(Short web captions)
§ §

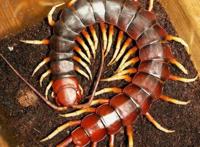 中国红巨龙蜈蚣，一种全身深红在古籍中被称为“天龙”的蜈蚣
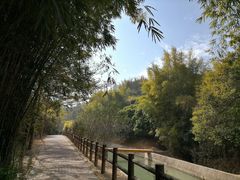 -广州市流溪河国家森林公园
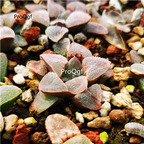19usd Ngryise Haworthia pygmaea var.pygmaea plant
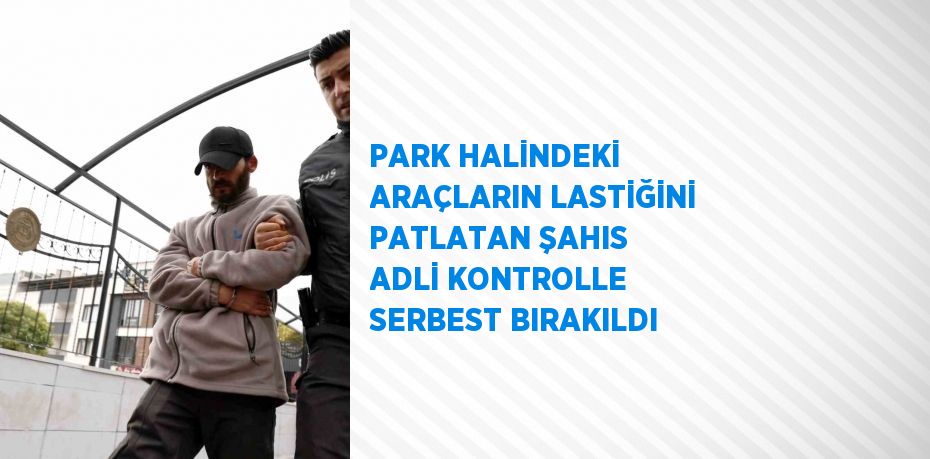 PARK HALİNDEKİ ARAÇLARIN LASTİĞİNİ PATLATAN ŞAHIS ADLİ KONTROLLE SERBEST BIRAKILDI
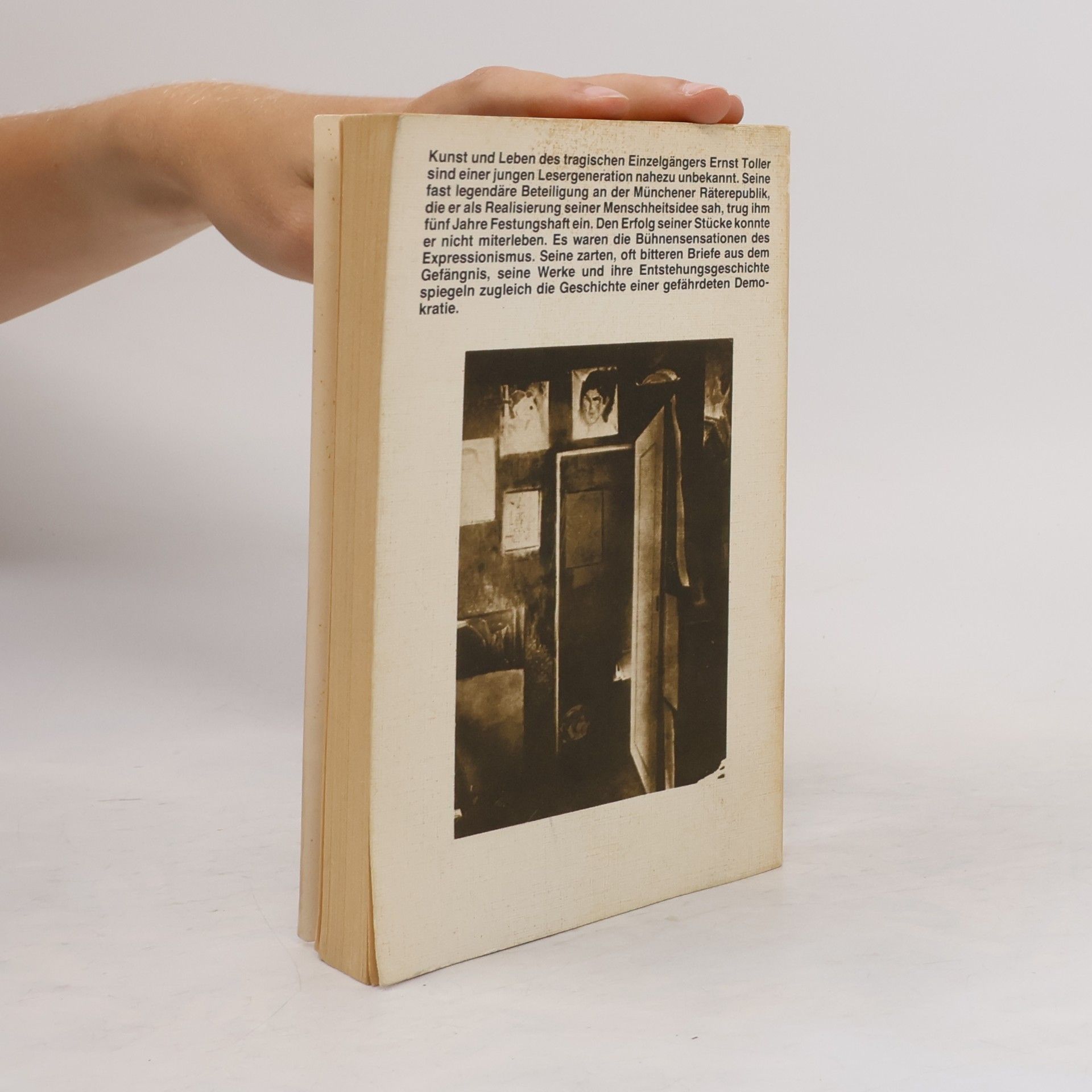 Ernst Toller Prosa, Briefe, Dramen, Gedichte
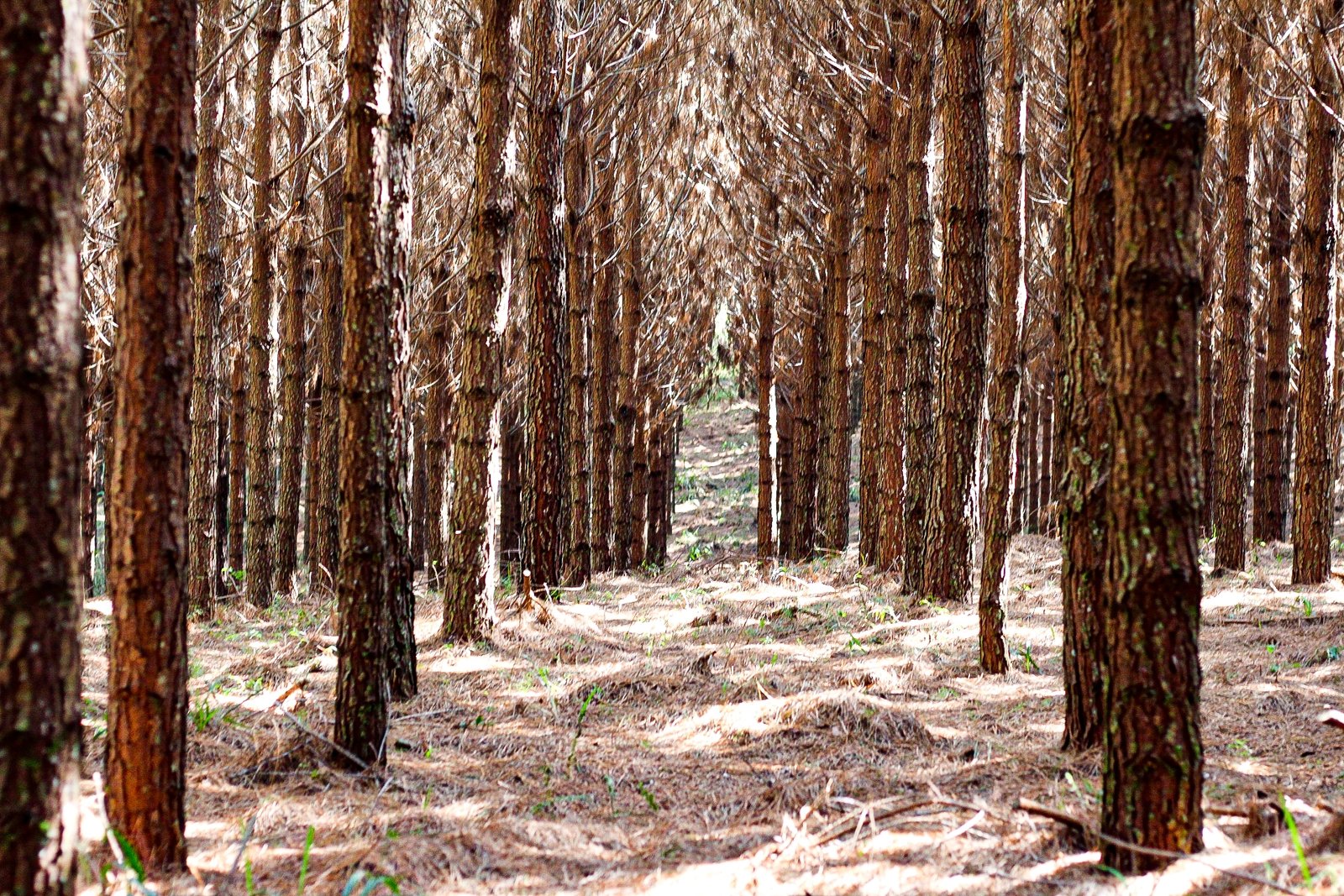 Foto — Associação Catarinense de Empresas Florestais (ACR)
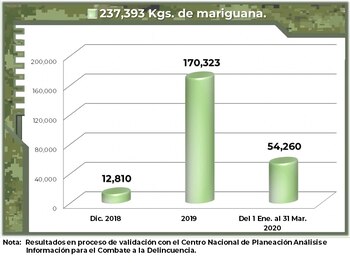 Resultados del decomiso de marihuana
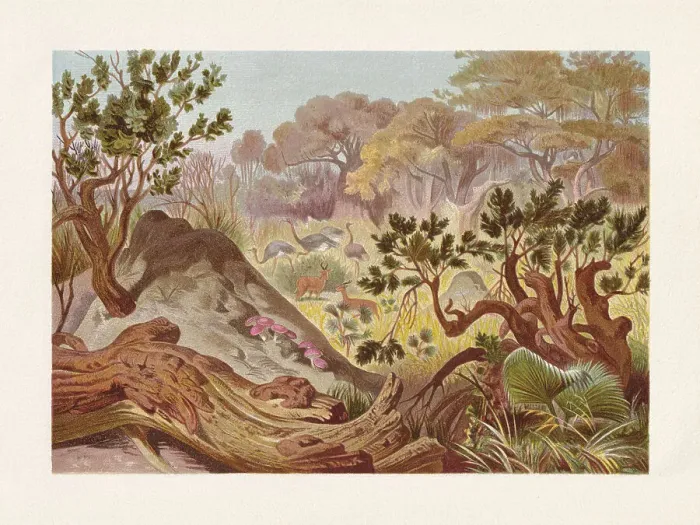 Framed Print : Mound-building termites in Africa, chromolithograph, published in 1884 Framed Print : Mound-building termites in Africa, chromolithograph, published in 1884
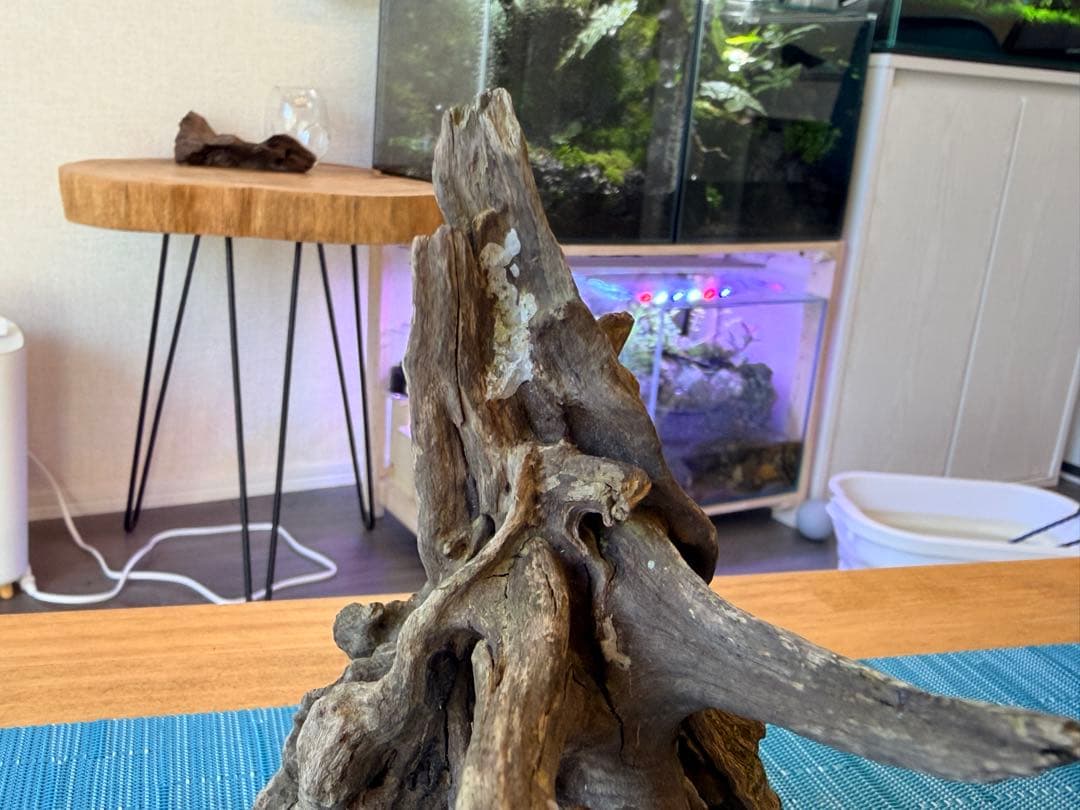 60cmスリム水槽 他16点セット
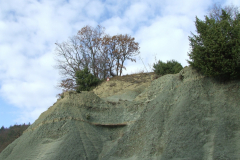 DSCF0991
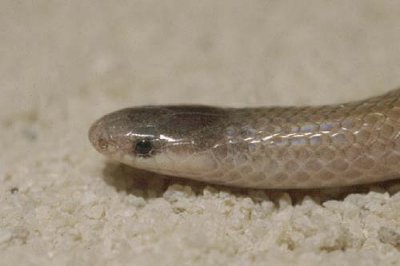 Tantilla cf atriceps- headDuval Co, TX
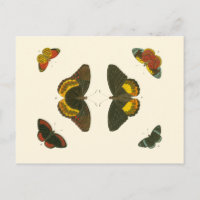 Helle Schmetterlinge durch Pieter Cramer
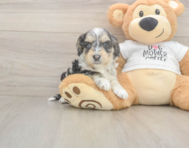 5 week old Cockapoo Puppy For Sale - Florida Fur Babies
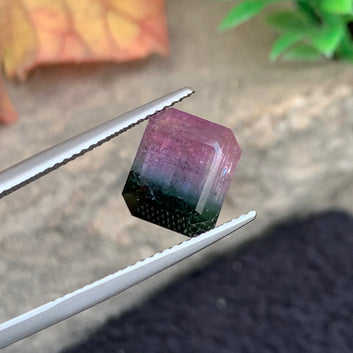 Bi color Tourmaline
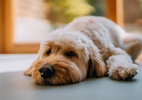 Adiar ida ao veterinário é prejudicial: como saber que o pet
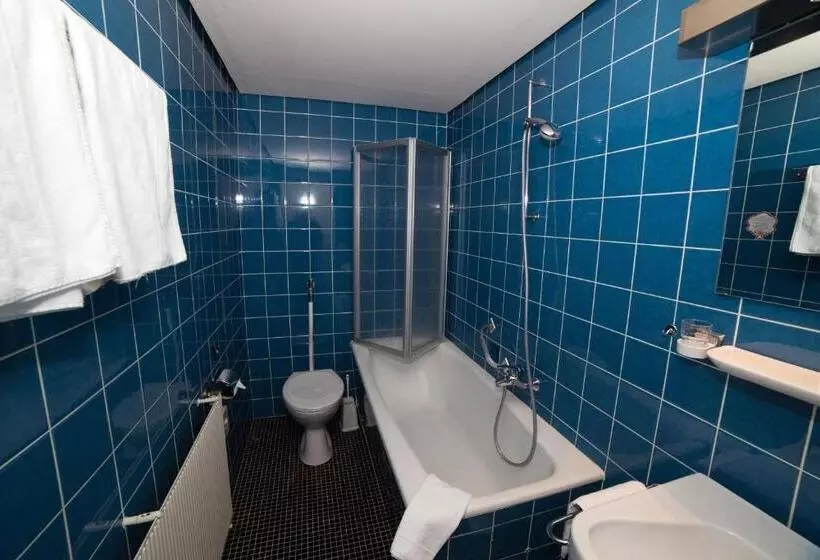 Standard Yhden Hengen Huone, Diana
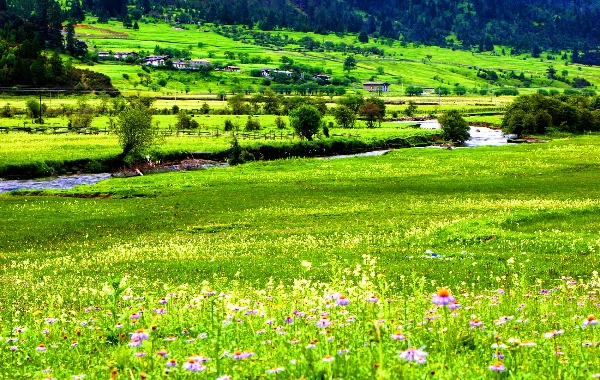 Jour 7 : Shangri-La Départ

§ §

One exact copy of the data is required, and it should hold no pictures.

• [SOLUTION FOR THIS TASK]
 中国红巨龙蜈蚣，一种全身深红在古籍中被称为“天龙”的蜈蚣
 -广州市流溪河国家森林公园
19usd Ngryise Haworthia pygmaea var.pygmaea plant
 PARK HALİNDEKİ ARAÇLARIN LASTİĞİNİ PATLATAN ŞAHIS ADLİ KONTROLLE SERBEST BIRAKILDI
 Ernst Toller Prosa, Briefe, Dramen, Gedichte
 Foto — Associação Catarinense de Empresas Florestais (ACR)
 Resultados del decomiso de marihuana
 Framed Print : Mound-building termites in Africa, chromolithograph, published in 1884 Framed Print : Mound-building termites in Africa, chromolithograph, published in 1884
 60cmスリム水槽 他16点セット
 DSCF0991
 Tantilla cf atriceps- headDuval Co, TX
 Helle Schmetterlinge durch Pieter Cramer
 5 week old Cockapoo Puppy For Sale - Florida Fur Babies
 Bi color Tourmaline
 Adiar ida ao veterinário é prejudicial: como saber que o pet
 Standard Yhden Hengen Huone, Diana
 Jour 7 : Shangri-La Départ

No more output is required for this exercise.